Courrier d’une autre Amérique

De la guerre de Sécession au Capitole

Camionneur à la retraite, John Marcotte a milité au sein d’un courant marxiste humaniste influencé par l’intellectuel caribéen C.L.R. James. Depuis l’an dernier, il nous envoie régulièrement d’outre-Atlantique ses analyses sur une nation gangrenée par le racisme depuis ses origines. Ce mois-ci, il revient sur l’invasion du Capitole le 6 janvier dernier. Un événement inscrit selon lui dans la continuité de l’histoire de la domination blanche aux États-Unis.
Collage de 20100

Une évidence : ce suprématisme blanc n’a rien de nouveau. Les événements auxquels nous assistons – assaut du Capitole en tête – marquent la résurgence de vieilles contradictions datant de la fondation de cet État colonial.

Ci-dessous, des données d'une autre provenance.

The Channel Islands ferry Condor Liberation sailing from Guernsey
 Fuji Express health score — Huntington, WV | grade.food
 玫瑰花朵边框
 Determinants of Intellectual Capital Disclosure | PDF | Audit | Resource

Elles ont conduit à une guerre civile, gagnée militairement 1 puis perdue politiquement, et dont les Noirs sont les premiers à subir les conséquences. Les Noirs, les Hispaniques et les populations autochtones – de même que les femmes pendant longtemps – n’ont jamais eu accès à la démocratie dans ce pays. Il faut donc continuer à se battre pour une société véritablement multiraciale.

Après les événements du 6 janvier, la presse mainstream et les commentateurs, découvrant la lune, se sont montrés choqués par la différence de traitement appliquée par la police, mettant en parallèle leur comportement envers les suprémacistes blancs et leur propension à passer à tabac et emprisonner les Noirs et les manifestants de gauche. Il est aujourd’hui de plus en plus évident que nombre d’agents de police et de militaires faisaient partie de cette foule. Davantage encore que l’armée, la police est fortement infiltrée par les suprémacistes blancs et affiche une sympathie marquée pour leurs opinions ainsi qu’une hostilité envers les non-Blancs.

Certes, nous étions déjà un certain nombre à le savoir. Mais ces événements ont obligé bien d’autres personnes à ouvrir les yeux sur la différence de traitement policier entre Noirs et Blancs. Il faudrait être aveugle pour nier ce qu’il s’est passé ce 6 janvier.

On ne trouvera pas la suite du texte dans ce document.